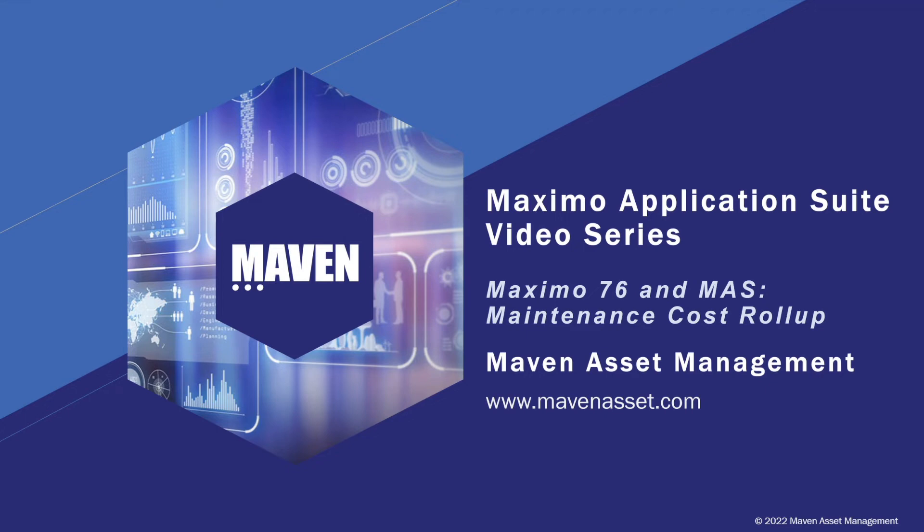Welcome to the Maximo Application Suite video series brought to you by Maven Asset Management. In this video, let's take a look at the new maintenance cost roll-up functionality.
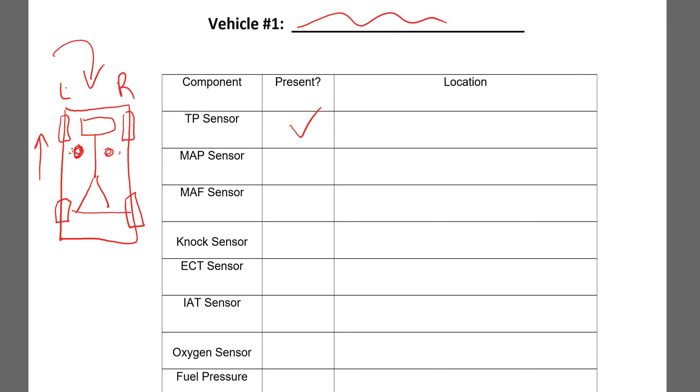And so what I want you to do is look under the hood, and you would write something like, maybe the throttle position sensor is on the left side engine bay, okay? And then you would write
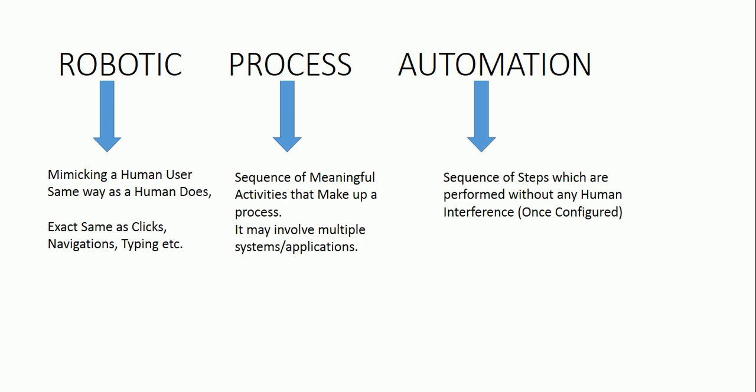That means whatever a human user does and the method which is used by the human user to do a particular task, that will be mimicked by the software itself.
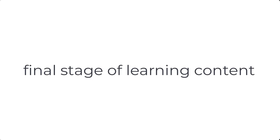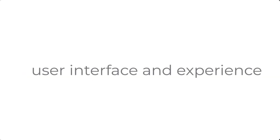A great reason for creating a storyboard is to have an idea of the final stages of the learning content. Storyboards define the user interface and can portray intended user experience for learners.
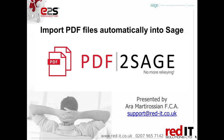Hello and welcome to this presentation of PDF to Sage. My name is Ara Martirosian and I'm going to show you how to import supplier PDF invoices into Sage with just one click.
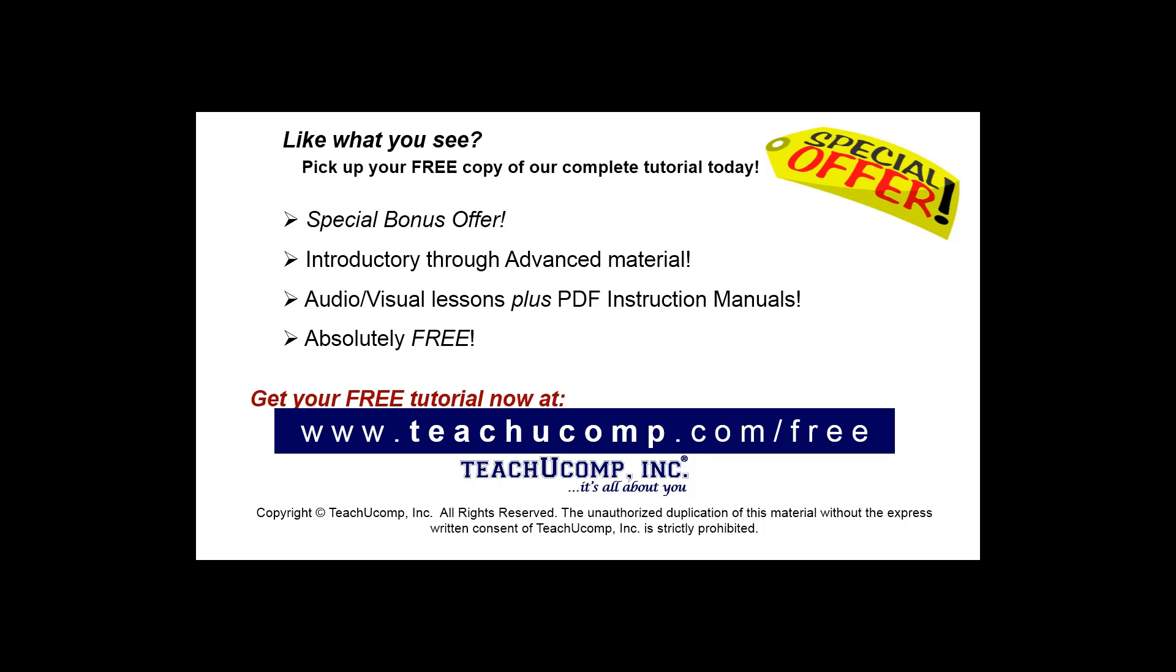Like what you see? Pick up your free copy of the complete tutorial at www.teachyoucomp.com forward slash free.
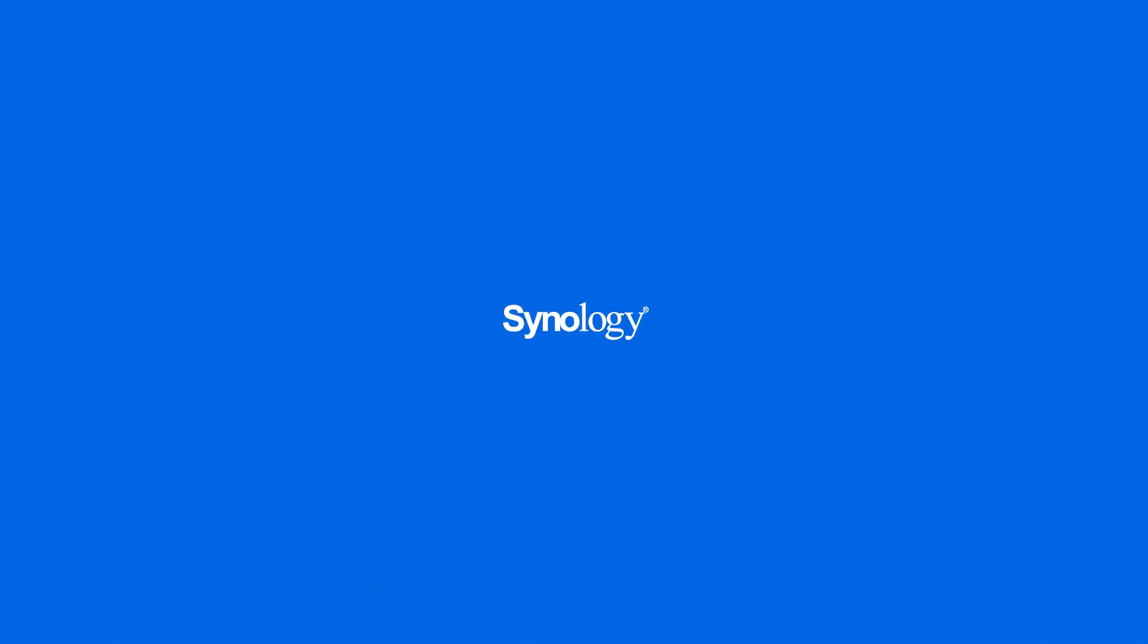To learn more about Synology mail plus, subscribe to the Synology YouTube channel, or click on another video to keep watching.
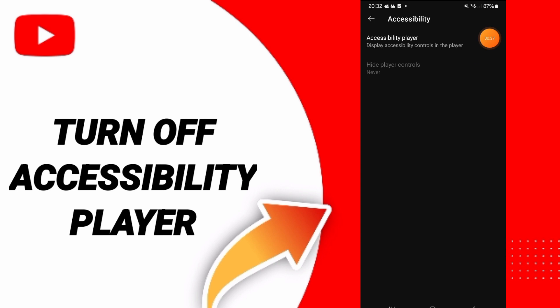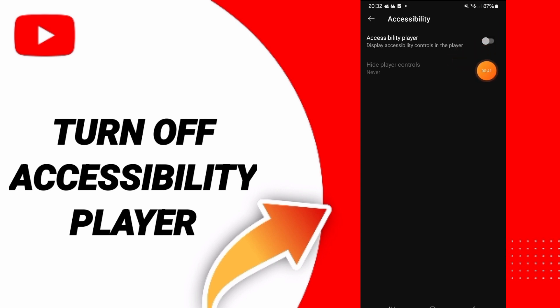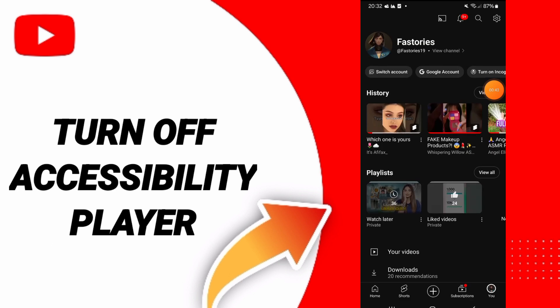Once this sign has changed, you will know that the accessibility player on the YouTube app has been turned off.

Work to complete
Set down the whole listing word for word, omitting the pictures.

Response below
Welcome to the Maximo Application Suite video series brought to you by Maven Asset Management. In this video, let's take a look at the new maintenance cost roll-up functionality.
And so what I want you to do is look under the hood, and you would write something like, maybe the throttle position sensor is on the left side engine bay, okay? And then you would write
That means whatever a human user does and the method which is used by the human user to do a particular task, that will be mimicked by the software itself.
A great reason for creating a storyboard is to have an idea of the final stages of the learning content. Storyboards define the user interface and can portray intended user experience for learners.
Hello and welcome to this presentation of PDF to Sage. My name is Ara Martirosian and I'm going to show you how to import supplier PDF invoices into Sage with just one click.
Like what you see? Pick up your free copy of the complete tutorial at www.teachyoucomp.com forward slash free.
To learn more about Synology mail plus, subscribe to the Synology YouTube channel, or click on another video to keep watching.
Once this sign has changed, you will know that the accessibility player on the YouTube app has been turned off.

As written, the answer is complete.